## Continuous-time Markov decision processes. Theory and applications.(English)Zbl 1209.90002

Stochastic Modelling and Applied Probability 62. Berlin: Springer (ISBN 978-3-642-02546-4/hbk; 978-3-642-26072-8/pbk). xvii, 231 p. (2009).
A continuous-time Markov decision process is a mathematical model of a controlled stochastic process with piecewise constant trajectories, when a selected action can be changed any time. If the model is controlled by a stationary policy, that is, an action is a function of the current state, the underlying process is a continuous-time jump Markov process. Sometimes, this class of controlled systems is called a continuous-time jump Markov decision process to underline the discrete nature of the trajectories, but the name continuous-time Markov decision process is often used for this class of controlled processes in spite of the fact that, in a broader sense, a continuous-time Markov process may not have piecewise-constant trajectories and certain controlled Markovian models, such as controlled diffusion, do not belong to this class of models.

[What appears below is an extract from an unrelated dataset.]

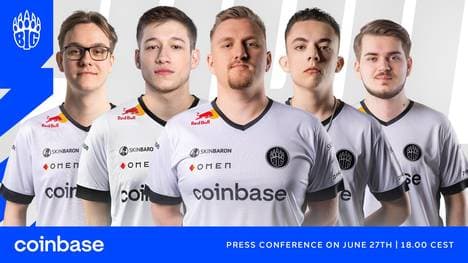 Einige neue Gesichter im Roster von BIG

The first studies of continuous-time Markov decision processes were conducted in the fifties and sixties by R. Bellman [Dynamic Programming. Princeton, New Jersey: Princeton University Press (1957; Zbl 0077.13605)], R. A. Howard [Dynamic Programming and Markov Processes. New York-London: John Wiley & Sons, Inc. and the Technology Press of the Massachusetts Institute of Technology (1960; Zbl 0091.16001)], L. E. Zachrisson [Ann. Math. Stud. 52, 211–253 (1964; Zbl 0126.36507)], V. V. Rykov [Theor. Probab. Appl. 11, 302-311 (1966); translation from Teor. Veroyatn. Primen. 11, 343–351 (1966; Zbl 0262.60063)], and A. Martin-Löf [Oper. Res. 15, 872–881 (1967; Zbl 0149.38104)]. Systematic studies of continuous-time Markov decision processes started with the papers by B. L. Miller [SIAM J. Control 6, 266–280 (1968; Zbl 0162.23302); J. Math. Anal. Appl. 22, 552–569 (1968; Zbl 0157.50301)].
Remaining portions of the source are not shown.